People have been hounding him for his name since the moment he came up from quarantine, but he feels disconnected from it now. _“That,”_ his father had called him, as though he was a _thing,_ some repulsive creature stuck to the underside of his boot. For days, he has been referred to as “that new kid from the Anderfels,” though a few apprentices have taken to calling him “Anders” for short. 

“Anders,” he tells Karl. “Just… Anders.” 

________________________________________

“What did you do?” Wynne asks, her brow furrowed in concern, leaning close to examine the large angry burn on Anders’ forearm. 

She sees many self-inflicted burns among the apprentices, some of them due to negligence or recklessness, but many intentional. Cutting would lead to suspicions of blood magic, so they found other ways to help themselves feel real. 

“Anders,” she urges gently when he doesn’t answer. He stares obstinately at his feet, only grudgingly holding his arm out for Wynne to treat the wound. The cool touch of healing magic is a blessing, but he wishes she wasn’t so nosy. “Do you need to talk?”

“No,” he snaps, still refusing to look her in the eye. “It was just a nightmare. It was nothing.” 

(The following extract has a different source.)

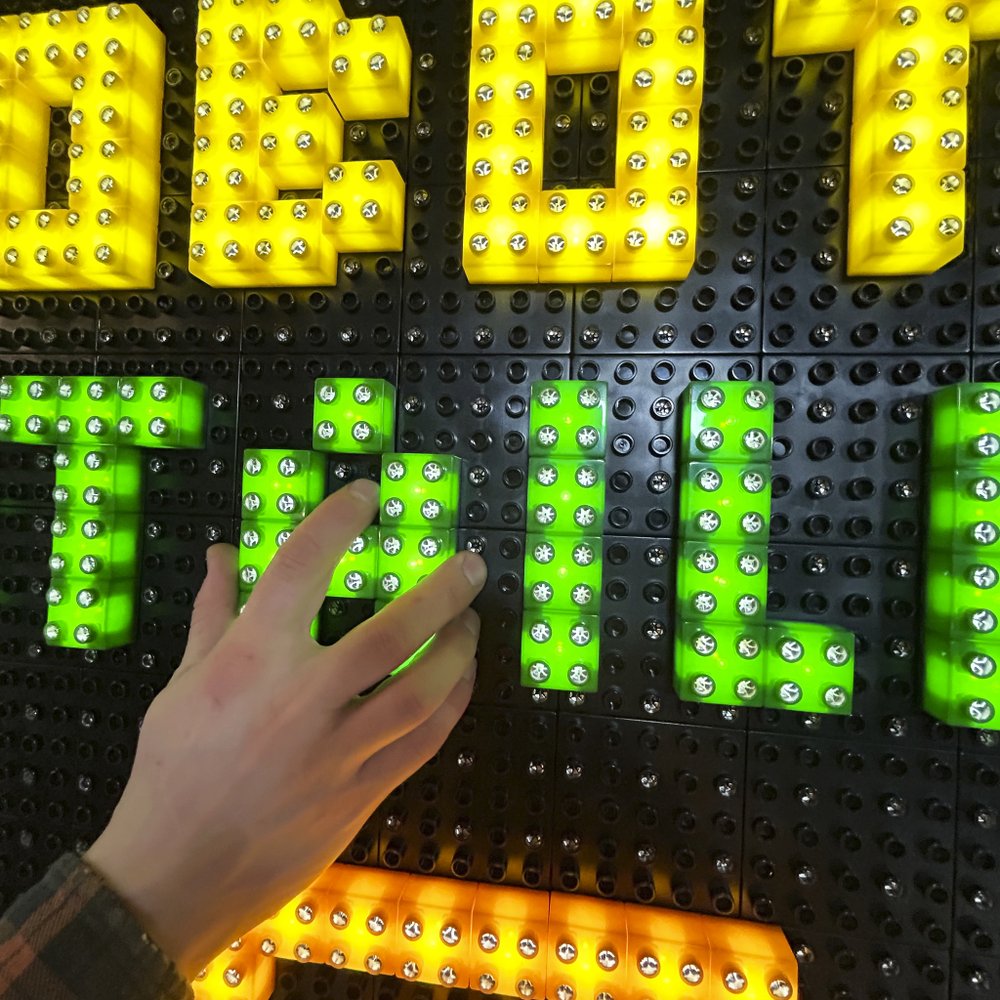 Светящийся конструктор на стену развивающая панель (56х56 см) Х4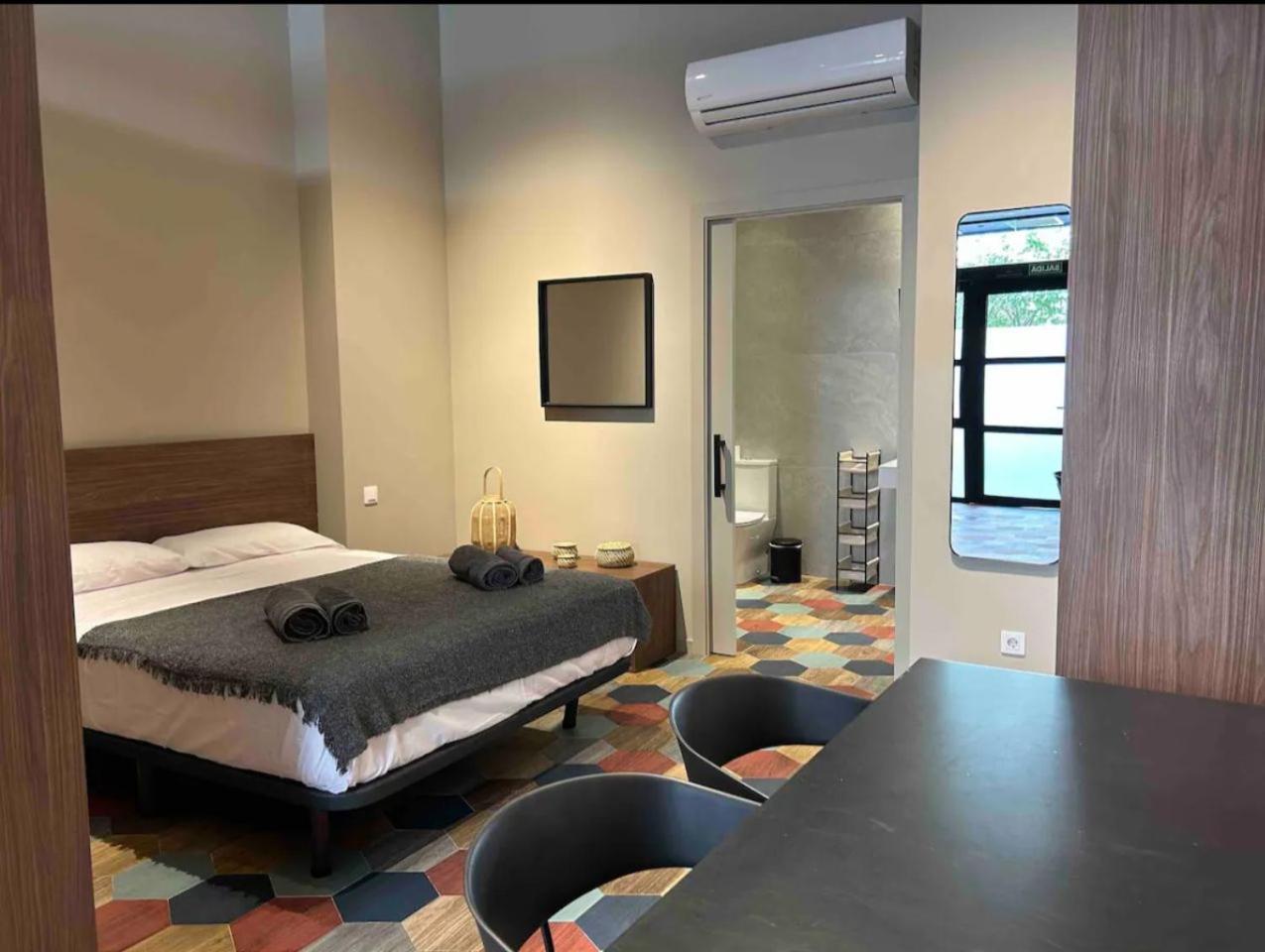 Reina Flats Valencia Playa El Cabanyal Apartment Luaran gambar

He still dreams of the fire in the barn. It’s obviously not the first time he’s conjured flame in moments of fear, but this is the first time it’s happened in his sleep. He flashes back to the day the templars came to collect him: _Did you see what he did? He could’ve killed both his parents, maybe even himself._

A cloud of guilt hangs over him, laced with sharp overtones of resentment—why should he have to feel guilty or repent for an accident of birth? For a curse he never asked for? He blinks back angry tears and ducks his head even more, hoping Wynne didn’t see. 

Wynne just nods, understanding, and tells him she has a potion that might help with nightmares. Anders stays silent, but shrugs to show he heard. 

________________________________________

“Anders, what did you do?” Karl demands. “What were you thinking?” 

It’s just after Anders’ fourth failed escape attempt. There’s a vivid purple bruise blossoming across the right side of his face — the templars do love using their armored fists. Couldn’t he heal it? _Yes,_ he says, but it makes him feel alive. He has no shame — why should he? 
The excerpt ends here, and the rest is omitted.